Geotechnical report raises questions on Ottawa's LRT tunnel

As the preliminary planning work for Ottawa's light-rail transit plan chugs along, the Interim Geotechnical Data Report for the downtown tunnel portion was released this week, with a couple of snags that are reportedly forcing staff to consider changes to the plan.

The first of the potential changes, as reported by CTV Ottawa, it bedrock depth and poor soil quality around Campus Station. It might force the city to end the tunnel earlier than previously planned, bringing the Campus Station outside of it.

In the city's DOTT Planning and Environmental Assessment Study [.pdf, see page 13], three potential scenarios were outlined for the tunnel portal, leaving the door open for a shorter tunnel and Campus station being located outside of it. Should city engineers decide that the bedrock around the proposed station is too deep and the soil quality too poor, they'll likely choose the 'North Portal' option and have Campus Station at-grade. So that's not necessarily a huge change.

That scenario will naturally shorten the length of the tunnel--and perhaps fairly significantly, as much as 900m--but will it reduce the bottom-line cost of the project? The Ottawa Sun seems to think it could, in their story on the subject, but CBC interviewed city staffers who said it's not likely to bring down the cost.
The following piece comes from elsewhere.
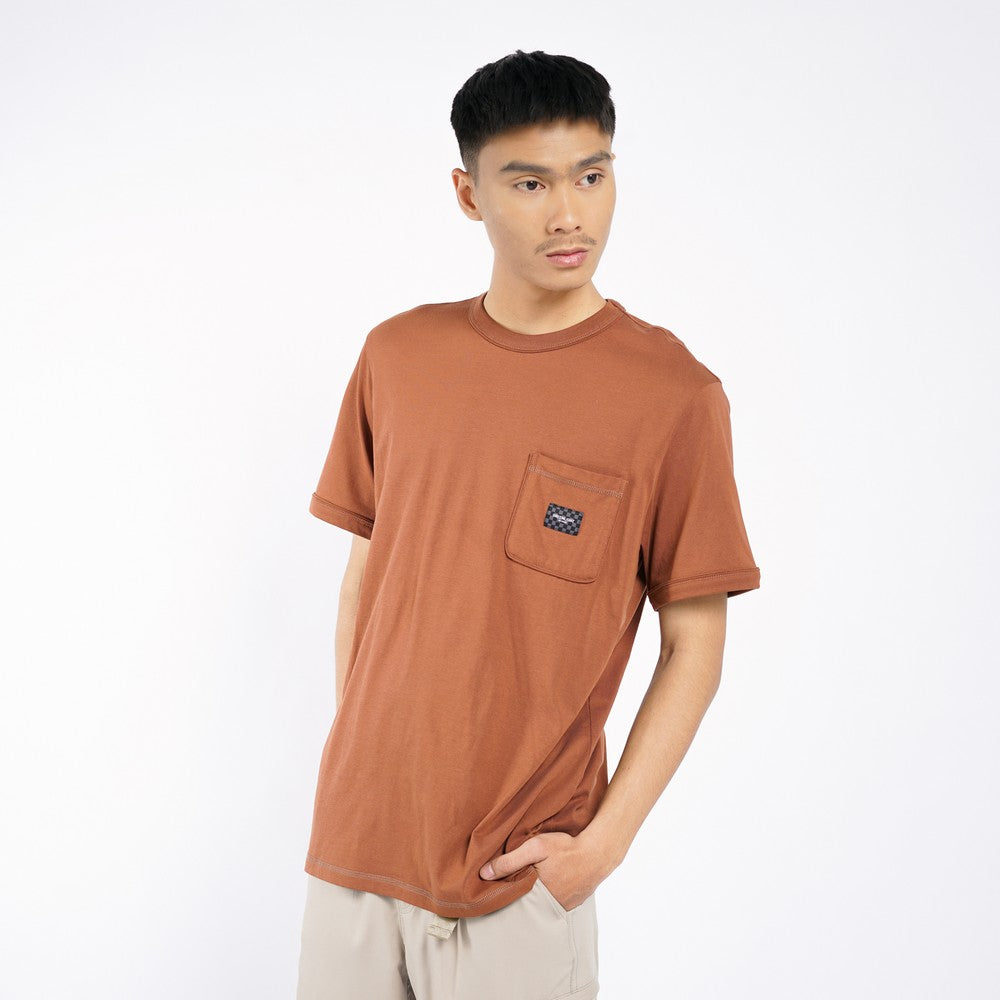 Greenlight Voyager Men's T-Shirt Short Sleeve Regular Fit Cotton Toronto C010626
The second, depending on the risk, may be more worrisome. The image below, a figure presented in the geotechnical report, shows the faults underground in Ottawa (click to enlarge):


The set of faults in question are the Gloucester Faults, which cross the proposed DOTT alignment in three spots between Lyon and O'Connor Streets, but may in fact lie further east of where indicated on the map above (which is based on a Geological Survey of Canada regional geology map), according to the report. Although the fault lines are present, they are apparently inactive, and city staff told CBC that they aren't a major concern.

1 comment:

Dwight Williams said...

Needing my memory refreshed: how deep the underground stations need to be for DOTT purposes?